Граница между этим селением, в которое как бы случайно попадает главный герой, и «греховным» миром не так уж непроницаема. Конрад с удивлением находит припрятанный в углу телефонный аппарат, он нередко чувствует направленную на него, как на чужака, агрессию и ждет, что «вот-вот сверкнет лезвие предательского ножа». Похожие на «королей, дам, валетов», жители исподтишка следят за Конрадом как неотвязные «соглядатаи» (Яновский неоднократно позволяет себе подобные пародийные отсылки к ранним романам Набокова). И хотя это селение гораздо привлекательнее, чем гротескный рай, описанный в конце «Портативного бессмертия», все же оно далеко от блаженной утопии. Но пусть и не совершенный, мир этот воспринимается как более подлинный, первичный по отношению к существованию в ограниченной историко-географической реальности.

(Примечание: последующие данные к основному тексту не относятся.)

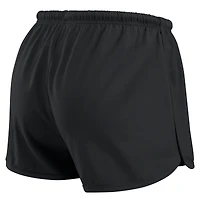 Ensemble de détente pour femme WEAR by Erin Andrews, t-shirt à manches longues et short en jersey rugby épais noir des Carolina Panthers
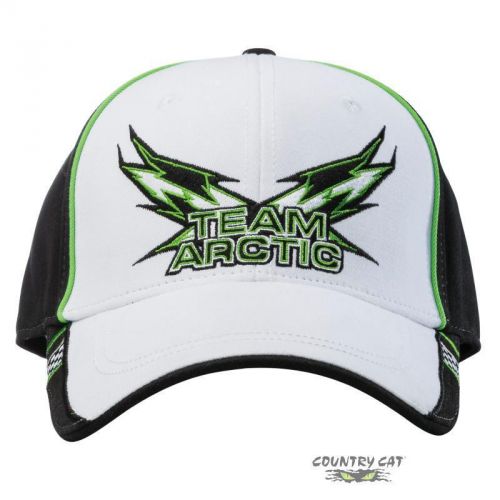 Arctic cat team arctic woven checkered flag cap – white &amp; black - 5263-113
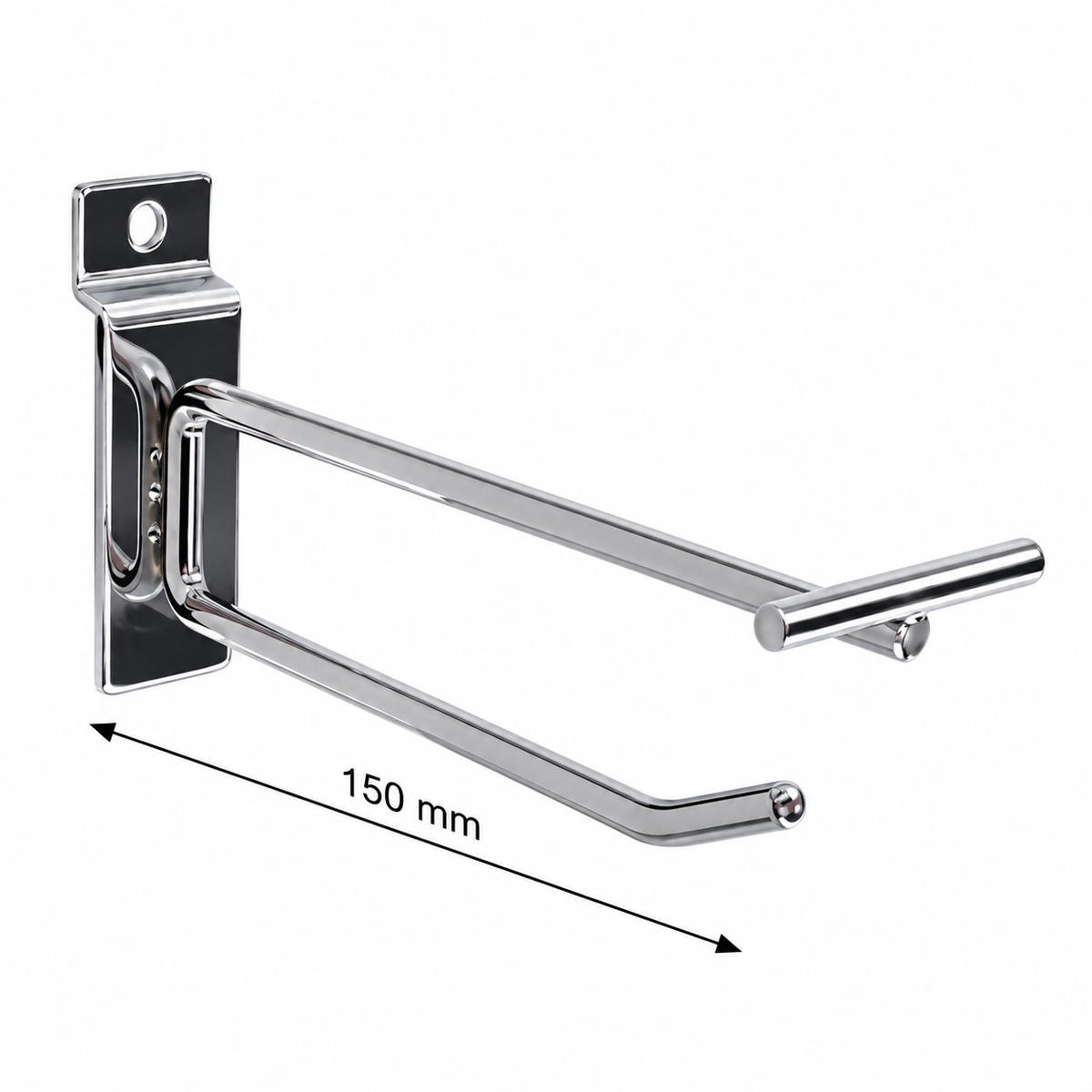 Slatwall Single Hook with Price Tag Arm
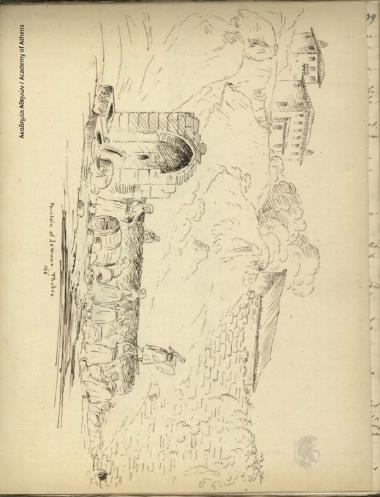 Fountain of Ismene. Thebes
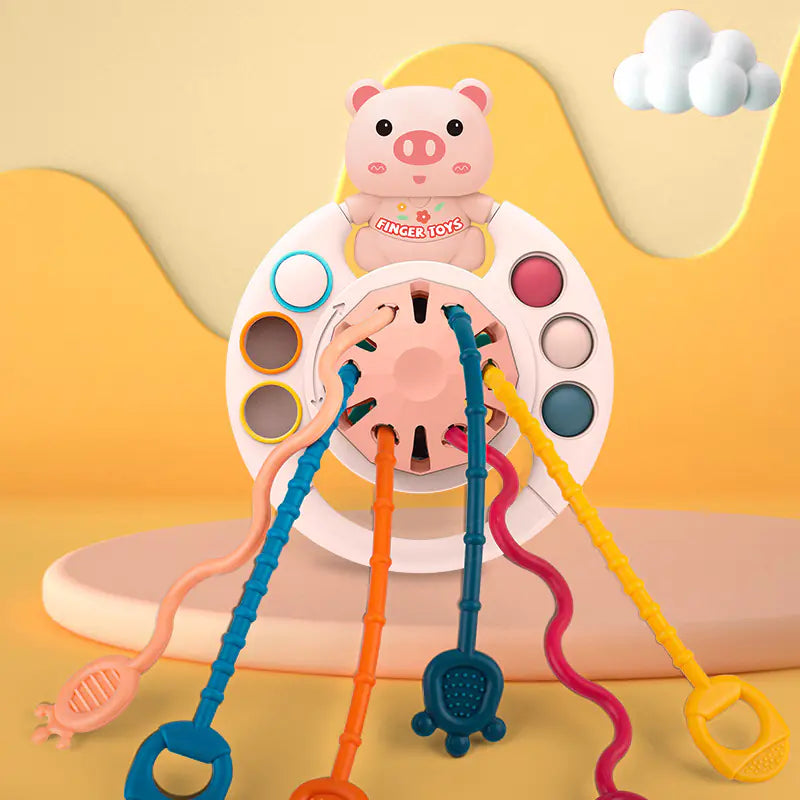 Cross-Border Baby Toy for Teething and Finger Exercise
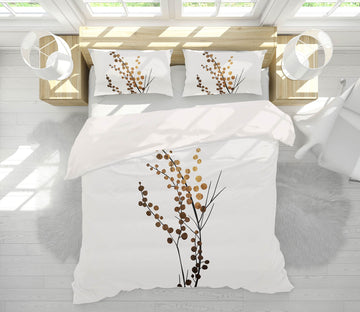 3D Golden Brench 149 Boris Draschoff Bedding Bed Pillowcases Quilt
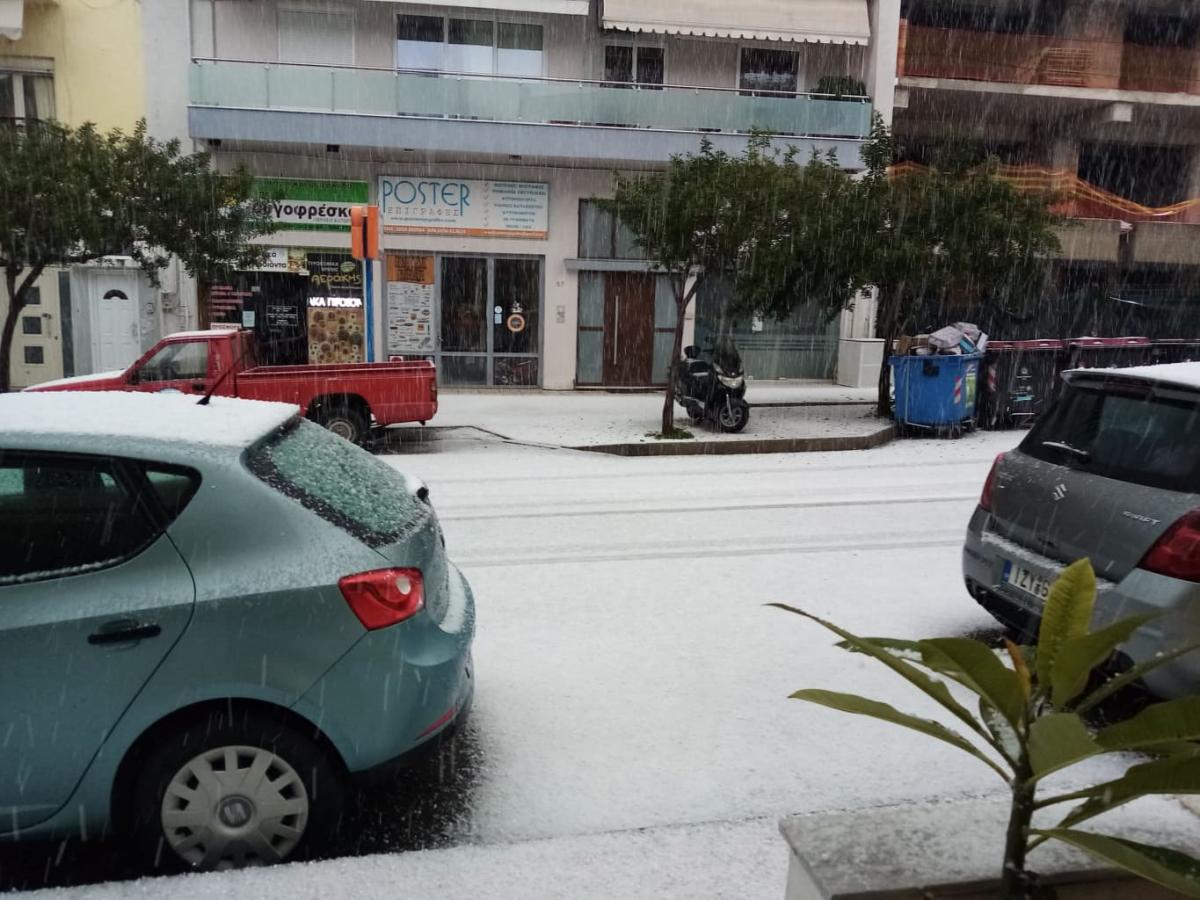 Ηράκλειο: Χιόνι και μέσα στην πόλη (pics)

Селение оказывается не идиллическим, а скорее символическим локусом, в котором возможно примирение, слияние противоположных начал – времени и вечности; прошлого, настоящего и будущего; жизни и смерти; бывшего и небывшего.


Истина в романе глаголет устами некоего Бруно, деревенского пророка, который сам того не ведая оказывается в центре международного политического заговора. Помнящий всю историю вселенной, Бруно отстаивает плюрализм личности, заявляя: «Личность – это Мы». Рассуждениям о том, что составляет вечную и неповторимую личность, предается и деревенский проповедник на собраниях в молельном доме. Из его парадоксальных речей следует, что наши представления о подлинной, не имеющей ни конца ни начала личности искажены «короткой, бытовой» памятью, не способной удержать даже раннее младенчество конкретного человека, не говоря уже о моменте сотворения мира. Обыденной памяти в романе противопоставлена «космическая память», то есть память о некоем «изначальном всеединстве», символом которой выступает фантомная боль:

«Человек, если у него ампутировать руку или ногу, потом все еще чувствует боль как бы в пальцах отрезанной конечности. Это зовется фантомной болью. Но боль эта на самом деле совсем не мнимая, а свидетельствует о глубокой подлинной трансреальной памяти. Мы все испытываем большую или меньшую мучительную неуютность в этом мире, доказывающую, что где-то, когда-то, кем-то была произведена над нами страшная, пожалуй спасительная, но суровая операция».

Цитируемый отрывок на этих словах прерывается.